ユーザーのキータブの設定が失敗する：「kinit：初期資格情報の取得中にパスワードが正しくありません」

Question

CentOS7.3を実行しているマシンのクラスターがあります。 Kerberos、DNS、LDAPなどは、FreeIPA4.4を使用して統一された方法で使用されています。

自動テストを実行する特定のユーザーがいます。したがって、このユーザーは、パスワードを入力せずにチケット付与チケットを取得できる必要があります。キータブを作成し、パスワードを効果的に「事前入力」することで、これを実現しようとしました。ただし、以下に示すように、キータブを使用してkinitすることはできません。

KDCからキーバージョン番号（kvno）を取得します

[root@kdc.example.com ~]# kadmin.local -q 'get_principal myuser@EXAMPLE.COM' Authenticating as principal root/admin@EXAMPLE.COM with password.
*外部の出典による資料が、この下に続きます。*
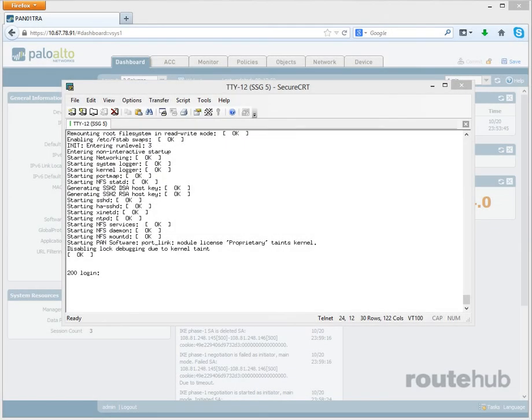Now our firewall returns with a default prompt which is the model number followed by login. We are using the PA 200 unit, so that's why it says 200 followed by login.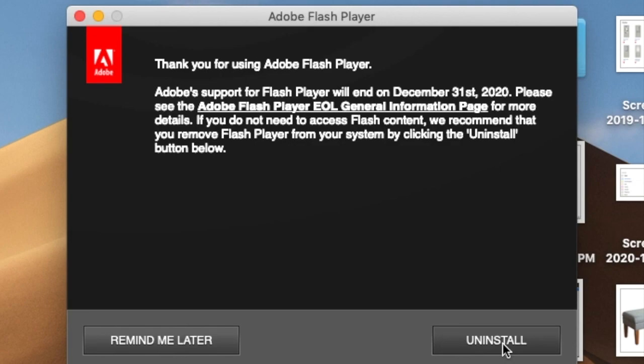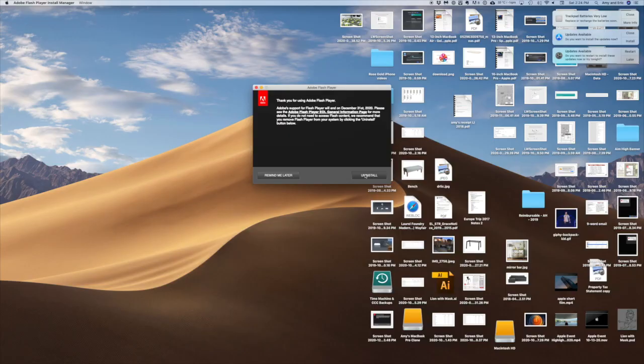All we're doing here is clicking the uninstall button when this notice comes up. I noticed it did take some time to process after pressing that button, so be patient.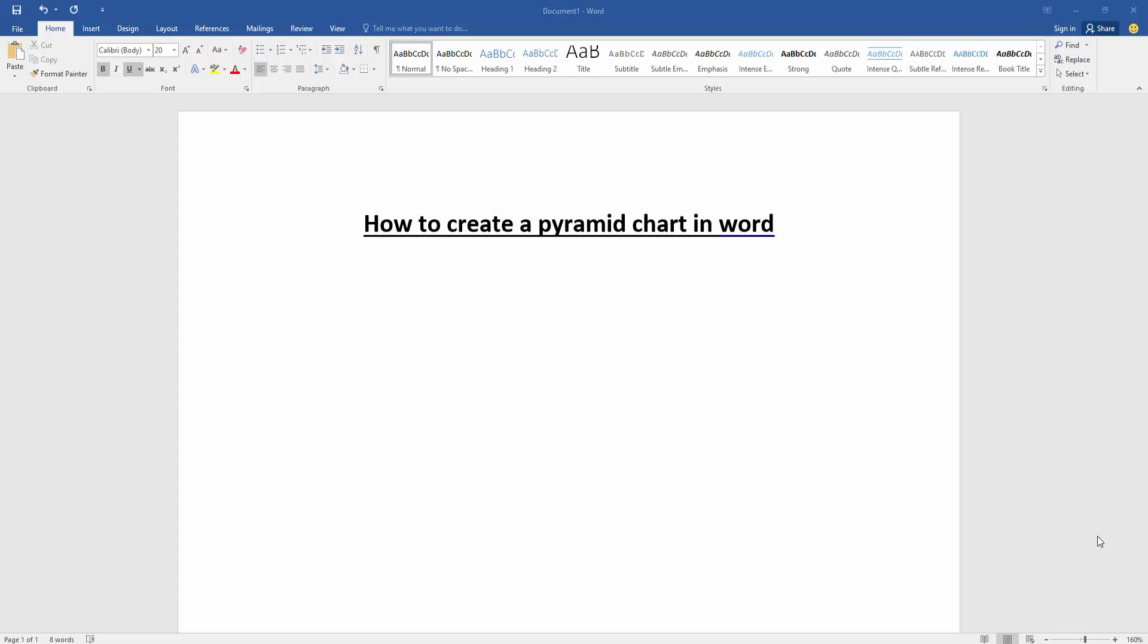Assalamualaikum. Hello friends, how are you? Welcome back to our another video. In this video, I am going to show you how to create a pyramid chart in Microsoft Word. Let's get started.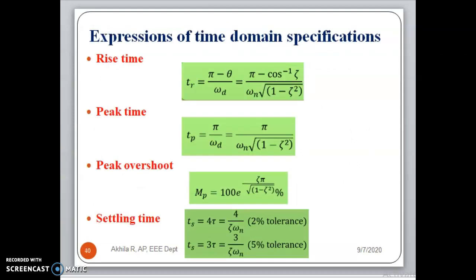In summary, the final expressions are: rise time = (pi minus theta) / omega_D; peak time = pi / omega_D; percentage overshoot = e raised to [minus zeta*pi / sqrt(1 - zeta squared)] times 100; and the settling time formula. Thank you.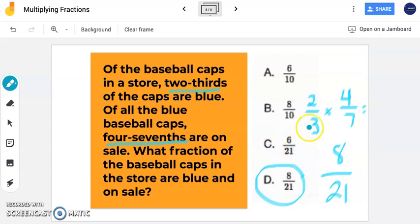For today's activities, you are welcome to draw visual models or multiply fractions — whatever way works best for you. However, it is important to understand that these area models are here to help you explore and determine where those answers came from. That is how we got those answers, and those area models help describe and show you where we get those answers from. As always, you are welcome to refer back to this video at any time to help you with today's activities. Thank you.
Principal: myuser@EXAMPLE.COM Expiration date: [never] Last password change: Mon Jul 16 06:54:59 CDT 2018 Password expiration date: Tue Jul 23 06:54:59 CDT 2019 Maximum ticket life: 1 day 00:00:00 Maximum renewable life: 7 days 00:00:00 Last modified: Mon Jul 16 06:54:59 CDT 2018 (kadmind@EXAMPLE.COM) Last successful authentication: Mon Jul 23 11:03:38 CDT 2018 Last failed authentication: Mon Jul 23 14:40:57 CDT 2018 Failed password attempts: 1 Number of keys: 2 Key: vno 3, aes256-cts-hmac-sha1-96:special Key: vno 3, aes128-cts-hmac-sha1-96:special MKey: vno 1 Attributes: REQUIRES_PRE_AUTH Policy: [none]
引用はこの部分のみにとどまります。